For the last twenty years or so, I've been avoiding throwing stuff away, so walking into my studio was akin to entering an archaeological dig.  I'm not actually a hoarder, and I don't have anything dirty (well, dusty, mebbe) or smelly (I checked) hanging around in piles, but the piles were getting awfully high and it was becoming difficult to "swing the cat" as they say. I had been able to only s-q-u-e-e-z-e into some studio areas for years.

The view from my desk
So you haven't heard from me in quite awhile because I've been busy getting rid of stuff.  I've semi-donated about a hundred books to the Coyote Trails Jefferson Nature Center down by Bear Creek.  I say "semi-" because I actually sold them to the center for 50¢ each, but since some of them are worth $25-$30, that's pretty much giving them away. 

I found a home for my wildlife magazine clip files ~ seventy-six 3-ring binders, which took up a total of 140" of  library shelf space, to a wonderful wildlife artist in Eugene ~ Dan Chen ~ who says he will cherish and use them forever. I have been taking box after box of other items to the Goodwill store for redistribution.  And now, I can swing the cat in as big a circle as HE wants.  Wahoooooo!!!!!  It is incredibly FREEing!
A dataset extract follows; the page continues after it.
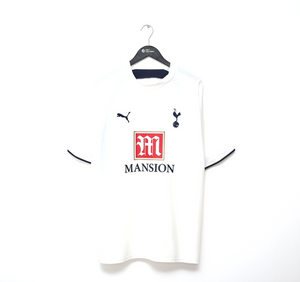 2006/07 BERBATOV #9 Tottenham Hotspur Vintage PUMA Home Football Shirt (XL)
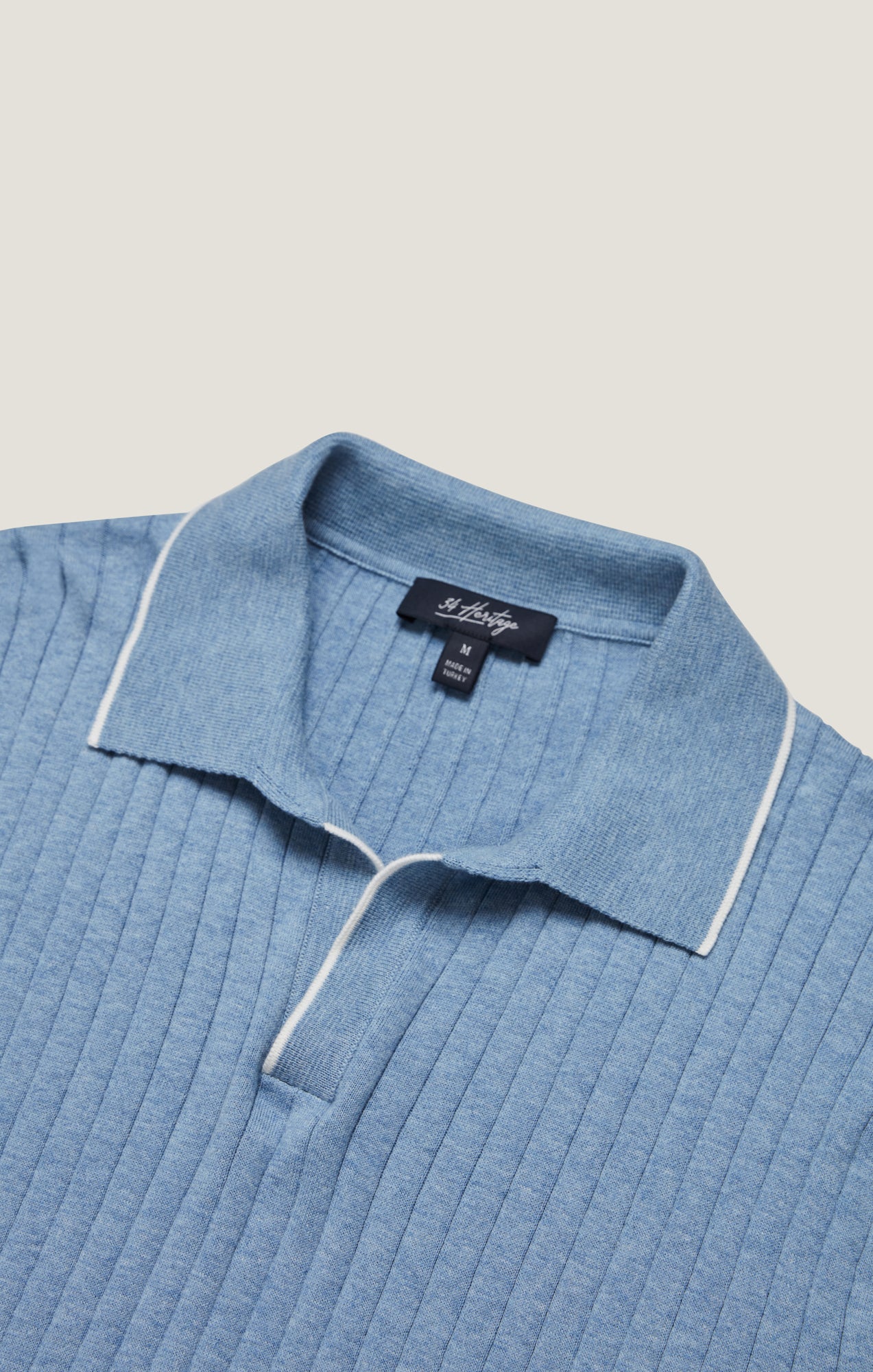 Polo Sweater in Blue - Image 9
And that leads me into my next topic, which showed up during the cleaning.

Tree Hyrax
Half a lifetime (my lifetime, at least) ago, I went to Kenya.  That was in 1977, and I took my sketchbook and journal and sketched and journaled for more than three weeks.  I rented a car and drove all over the place. I settled in Nairobi at the edge of Nairobi National Park, spending time there and visiting Mombasa, Lake Naivasha, Tsavo and Amboseli National Parks, and Aberdare Forest. It was my first trip out into the world all alone, and I had a scary, wonderful, enlightening time. 

When I got home, my life got busy, I divorced, built a house, supported myself giving school talks, remarried, became a nurserywoman, divorced, traveled and lived a lot of life ~ and the Kenya sketchbook and journal got shoved under a desk for decades.  Three decades.

Last week I pulled it out and scanned all the sketches into my computer, and yesterday I started typing up the journal.  Next, I plan to rearrange the journal and sketches into the format of one of my sketch/journal series with tutorial. 

Bateleur Eagle
My sketch/journaling was done differently then ~ the journaling was done in a separate ledger with lined paper, the drawings were made in a big 12x18" sketchpad on cheap paper (it's yellowing badly). But I will take information from the journal to enhance the sketches, change the shape, and do whatever is possible to create a new journal that is true to the old one.  So in a sense, it will be a fabrication, but in another sense it will simply be a distillation of my Kenyan journey.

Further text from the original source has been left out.